And in keeping with the spirit, Zoe Kravitz made sure her wardrobe matched the occasion. In fact, her wardrobe far outshined good ol’ Oscar.

Kravitz showed up to the Vanity Fair after-party donning a gold bikini. Not gold colored, mind you. Real gold. Of the 18-karat variety.

The cost of the skimpy garment came in at a cool $24,000. And it was just a top. No bottom.

According to Hola USA, Elsa Peretti (I don’t know who that is, but I’m name-dropping anyway.) designed the gold-mesh halter top. As the article put it, “the top looks like it is more suited for the beach than for a jewelry vault.”

I have to be honest, I would probably go with vault. I don’t think I would wear a $24,000 top to the beach.  Well, to be clear, I’m a dude, so I don’t generally wear any kind of top to the beach. But just thinking in generalities here, that just sounds like a bad plan. One big wave and woosh – $24,000 washes out the sea. Not to mention the riff-raff that hangs out on most beaches. I would hate to have to worry about my top getting jacked. Of course, if you can afford a $24,000 bikini top, you can probably afford a bodyguard. So, there’s that.

I have to note something else here – gold mesh isn’t very — what’s the word I’m looking for here — let’s just say modest. Revealing would be a better term. As in see-through. I’m not going to post a pic because this is a family website. (Also because it’s Getty Images and those people have created a huge revenue stream going after copyright violators.) But if you want to see – and I know some of you do – you can just click the link to the Hola US article.

Also, all of you fashion gurus can get the rundown on how you accessorize your gold bikini top. Hint – lots of diamonds.

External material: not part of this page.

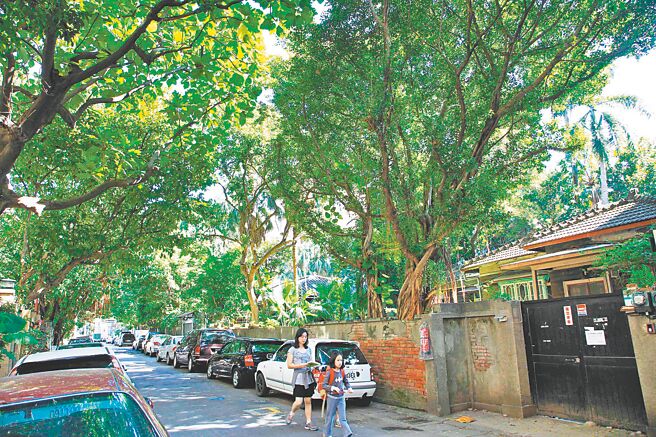 青田街是带有诗意的常绿街廓。（本报资料照片）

While we’re on the subject of the Oscars, those statuettes they hand out aren’t worth nearly as much as Zoe’s top. Now, they are covered in 24-karat gold. So, that’s good. But they are primarily formed out of bronze. That’s not so good. And how much gold is there in an Oscar? Well, HuffPo tried to figure it out. There’s way too much math involved to go into here. I mean, it’s super-convoluted … which I guess coming from HuffPo isn’t all that surprising. Anyway, the bottom line is that they came up with about 0.0047 cubic inches of gold.

In other words, not much.

But get this – even with a little bit of gold and all the hoopla surrounding the Oscars, a statuette is literally only worth $1. At least that’s the market price. Why is that, you might ask? Well, the Academy of Motion Picture Arts and Sciences contractually stipulates that winners cannot sell their Oscar without first offering to sell it back to the Academy for $1. So – there’s your market price.

This sounds like something the government would do.

Anyway, the bottom line is Zoe’s bikini top > than Oscar Statuette.

See — this is the kind of vital information we bring you here at Fun on Friday.

You’re welcome.

Fun on Friday is a weekly SchiffGold feature. We dig up some of the off-the-wall and off-beat stories relating to precious metals and share them with you – with tongue firmly planted in cheek. Click here to read other posts in this series.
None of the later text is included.